Pension opt-out inducements for employees to be banned
25 June 2008
Offering employees incentives to opt out of workplace pension schemes is to be made unlawful, the government has announced.
The Department for Work and Pensions (DWP) said that changes to the Pensions Bill, planned for its reading in the Lords, will prevent employers from encouraging staff to opt out of workplace pensions with inducements such as higher salaries or one-off bonuses.
The measure will also cover employers who simply try to force their workers to opt out, the DWP said.
In cases where businesses flout the rules, employers will be required by the Pensions Regulator to put the worker back in the position they would have been in had they not been induced out of the scheme and to pay any arrears in contributions.
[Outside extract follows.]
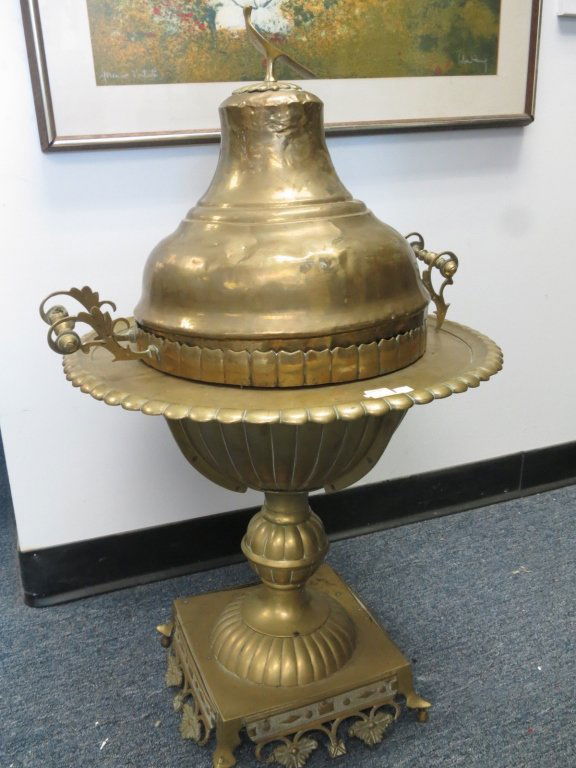 Antique BrassCooking Serving Vessel on stand: Possibly Middle Eastern Antique Circa 1900's Brass Cooking Vessel lidded handled cover on Pedestal base with bowl. Very Decorative.Measures 34 inches high and 20 inches wide.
If they fail to comply, they could also face a fine.
As part of the amendment, the DWP has proposed that there should be a time limit within which complaints have to be made by employees or investigations launched by the Regulator, the aim being to discourage the possibility of “frivolous claims” from staff.
The ban will come into force when automatic enrolment pensions are introduced in 2012.
Mike O’Brien, the Minister for Pensions Reform, said: “It is very important that people are allowed to meet their retirement expectations by building up the savings they need. Decisions on whether or not to save in a workplace pension need to be taken free of any unfair pressure. That’s why we want to prevent employers from trying to pressurise staff or tempt them with ‘live for today’ inducements into opting out of pension saving.
“Whilst it may seem attractive in the short term to accept an inducement to opt out, when people reach retirement with a lower pension, they're likely to regret taking the easy option.”
Under the changes, employers and workers would still be free to negotiate the details of remuneration packages, but these would need to meet or exceed the minimum standards on pension provision set down by the law.
The Pensions Bill forms part of the government’s drive to encourage people to save enough for their retirements.
The Bill will mean that all workers, between 22 and State Pension age, earning more than £5,035 a year (in 2006/07 earnings terms), will be automatically enrolled into a qualifying workplace pension scheme, such as personal accounts.
Where workers remain in a money purchase scheme, employers would contribute a minimum of three per cent of qualifying earnings, with total contributions of eight per cent made up through employee contributions and Government tax relief.